OUSD was introduced just weeks ago by Open Standard, a consortium backed by major financial companies including Visa, Mastercard, Stripe, BlackRock and Coinbase. Unlike traditional stablecoin models, Open Standard distributes most reserve earnings back to participating partners instead of keeping them with the issuer alone.
That makes OUSD attractive for banks and payment providers looking to participate directly in the economics of stablecoin issuance.
At the same time, Visa continues supporting established regulated stablecoins such as USDC and USDG, giving customers greater flexibility based on their business and regulatory requirements.
Visa's latest launch comes as the world's biggest payment companies race to build stablecoin infrastructure.
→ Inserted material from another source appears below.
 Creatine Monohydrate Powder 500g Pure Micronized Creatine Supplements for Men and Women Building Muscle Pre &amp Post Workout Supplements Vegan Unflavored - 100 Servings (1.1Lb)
Unlike PayPal, which launched its own PYUSD stablecoin, or Stripe, which expanded through its $1.1 billion acquisition of Bridge, Visa is taking a different approach by supporting multiple regulated stablecoins instead of promoting a single token.
Mastercard is also expanding its stablecoin business through partnerships and settlement services, but Visa already has an early lead, processing around $7 billion in stablecoin settlements and more than 90% of crypto-linked card payment volume.
By acting as the infrastructure connecting OUSD, USDC, and USDG, Visa is positioning itself as the payment network that can support whichever regulated stablecoins banks and businesses choose to use.
Visa remains the world's largest payments company, processing around $15 trillion in annual payment volume, ahead of Mastercard's $9 trillion.
The biggest goal of the Visa Stablecoin Platform is to make blockchain payments feel as simple as traditional payments.
Banks will be able to issue their own stablecoins, move funds between institutions, and settle transactions using blockchain without changing how they manage treasury operations.
For merchants, stablecoins could significantly reduce settlement times.
Instead of waiting one or more business days for payments to clear, transactions can settle almost instantly while remaining available around the clock.